= Derienni =

1850s band of Panamanian outlaws

Derienni was the group of the native bandits in the Grenadine Department of Panama in the early 1850s, during the California Gold Rush. They would rob the pack trains crossing the Isthmus of Panama with sacks of California gold and run off with it into the hills. These highwaymen harassed the gold trains to the point that several of the large shippers were considering transferring their business to the Transit Route of Commodore Vanderbilt across the Isthmus of Nicaragua who promised to hire units of the Nicaraguan army as guards.

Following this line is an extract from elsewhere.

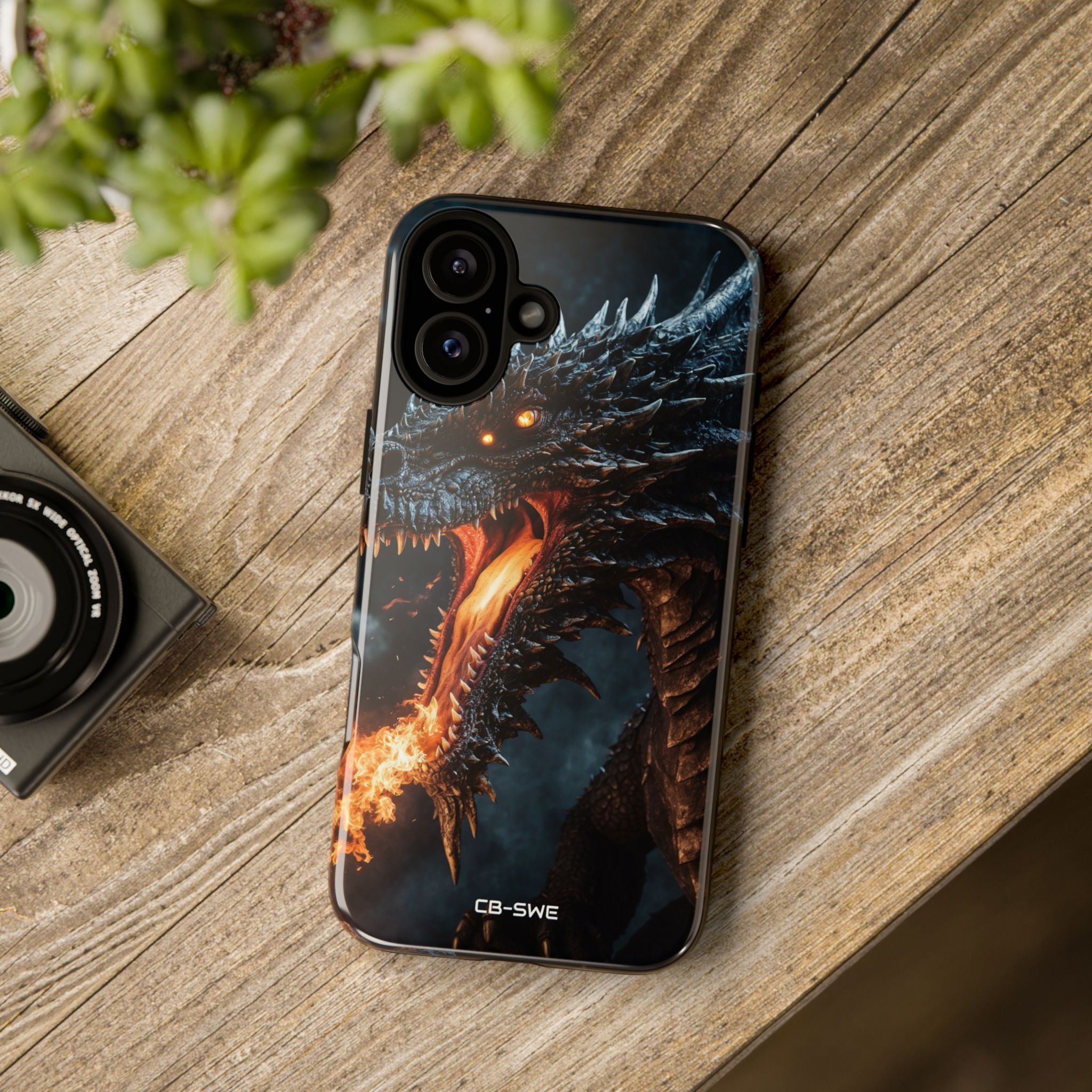 Fiery Breath Erupts - iPhone Case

The Panama Railroad Company sought help from Wells, Fargo & Company and a private police force, the Isthmian Guard, was organized and led by Randolph Runnels, an ex-Texas Ranger. He identified the ringleaders and one night in early 1852 he had 37 of them hanged in a public square and the trouble ceased for a time. After half a year, robberies began again Runnels and his men investigated again and after another night in late 1852, he rounded up the remaining offenders; 41 more were hanged ending the reign of the Derienni.

==See also==
- Darién

==Sources==
- Joseph L. Schott, Rails Across Panama - The Story of the Building of the Panama Railroad 1849-1855, The Bob Merrill Company Inc., New York: N.Y., 1967.
- Michael L. Conniff, Panama and the United States: the forced alliance, University of Georgia Press, Athens, Georgia, 2001.